"""Tests for the semantic chunker implementation."""
from unittest.mock import MagicMock, patch
import pytest
from pdfkb.chunker.chunker_semantic import SemanticChunker
from pdfkb.chunker.langchain_embeddings_wrapper import LangChainEmbeddingsWrapper
from pdfkb.config import ServerConfig
from pdfkb.embeddings_base import EmbeddingService
from pdfkb.models import Chunk
class MockEmbeddingService(EmbeddingService):
"""Mock embedding service for testing."""
def __init__(self):
self.initialized = False
self.embeddings_generated = 0
async def initialize(self) -> None:
self.initialized = True
async def generate_embeddings(self, texts: list[str]) -> list[list[float]]:
"""Generate fake embeddings based on text length."""

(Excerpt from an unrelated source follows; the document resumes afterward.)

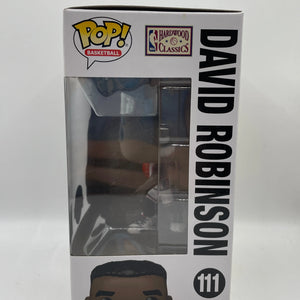 Funko POP! Basketball USA #111 David Robinson (special edition) FRENLY BRICKS - Open 7 Days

self.embeddings_generated += len(texts)
# Create different embeddings based on text content to simulate semantic differences
embeddings = []
for text in texts:
# Simple heuristic: use text length and first char code as embedding features
length_feature = len(text) / 100.0
char_feature = ord(text[0]) / 256.0 if text else 0.0
# Create a 3-dimensional embedding
embeddings.append([length_feature, char_feature, (length_feature + char_feature) / 2])
return embeddings
async def generate_embedding(self, text: str) -> list[float]:
"""Generate fake embedding for a single text."""
embeddings = await self.generate_embeddings([text])
return embeddings[0]
def get_embedding_dimension(self) -> int:
return 3
async def test_connection(self) -> bool:
return True
def get_model_info(self) -> dict:
return {"model": "mock", "dimension": 3}
@pytest.mark.unit
class TestLangChainEmbeddingsWrapper:
"""Test the LangChain embeddings wrapper."""
def test_wrapper_initialization(self):
"""Test wrapper initialization."""
mock_service = MockEmbeddingService()
wrapper = LangChainEmbeddingsWrapper(mock_service)
assert wrapper.embedding_service == mock_service
assert not wrapper._initialized
def test_embed_documents_sync(self):
"""Test synchronous document embedding."""
mock_service = MockEmbeddingService()
wrapper = LangChainEmbeddingsWrapper(mock_service)
texts = ["Hello world", "Test document", "Another text"]
embeddings = wrapper.embed_documents(texts)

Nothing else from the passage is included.